Instructions to follow:
In the entries that follow, repeat exactly the lines from the one that has "I’m Irish Keeping" through the one that has "From Agglomeration to Innovation", but omit pictures.

Source data:
>>>>

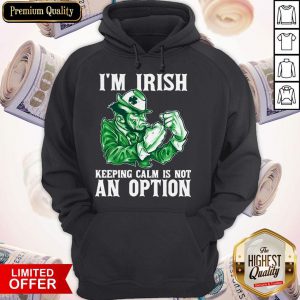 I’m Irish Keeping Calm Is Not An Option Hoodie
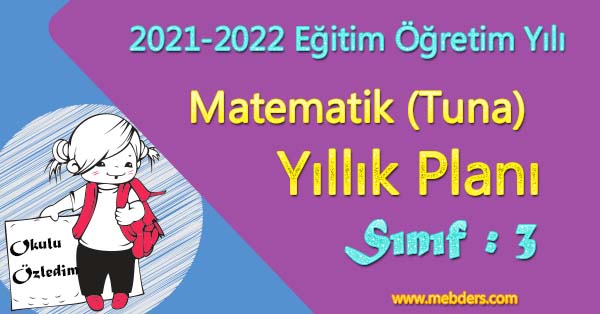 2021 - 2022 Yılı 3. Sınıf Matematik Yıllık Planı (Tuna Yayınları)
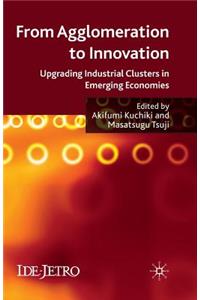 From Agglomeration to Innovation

<<<<
>>>>

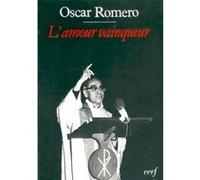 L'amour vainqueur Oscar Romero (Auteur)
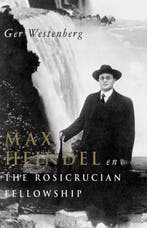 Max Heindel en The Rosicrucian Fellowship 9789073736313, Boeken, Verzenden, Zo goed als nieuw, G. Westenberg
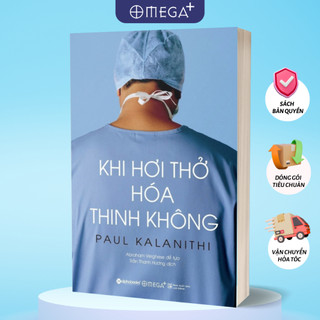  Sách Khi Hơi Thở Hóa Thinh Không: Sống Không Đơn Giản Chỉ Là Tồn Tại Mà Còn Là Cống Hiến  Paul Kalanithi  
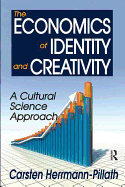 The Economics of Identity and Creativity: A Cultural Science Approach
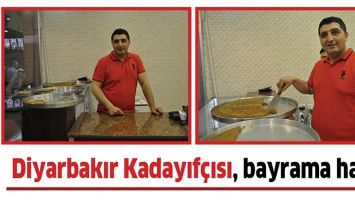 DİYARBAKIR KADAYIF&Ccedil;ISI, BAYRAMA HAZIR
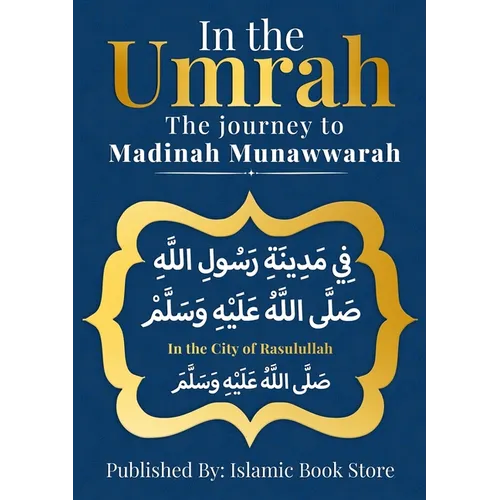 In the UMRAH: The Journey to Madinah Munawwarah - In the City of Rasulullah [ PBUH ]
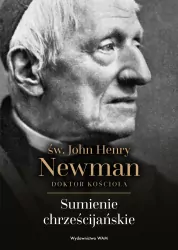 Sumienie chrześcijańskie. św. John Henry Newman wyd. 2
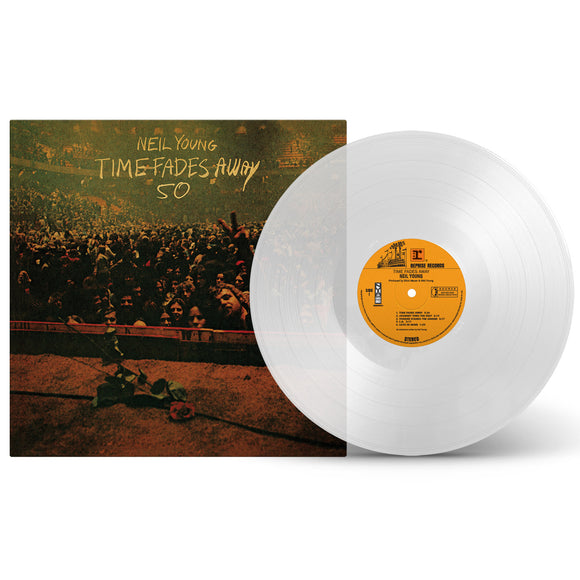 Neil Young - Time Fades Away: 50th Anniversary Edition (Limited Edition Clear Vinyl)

<<<<

Solution below:
 I’m Irish Keeping Calm Is Not An Option Hoodie
 2021 - 2022 Yılı 3. Sınıf Matematik Yıllık Planı (Tuna Yayınları)
 From Agglomeration to Innovation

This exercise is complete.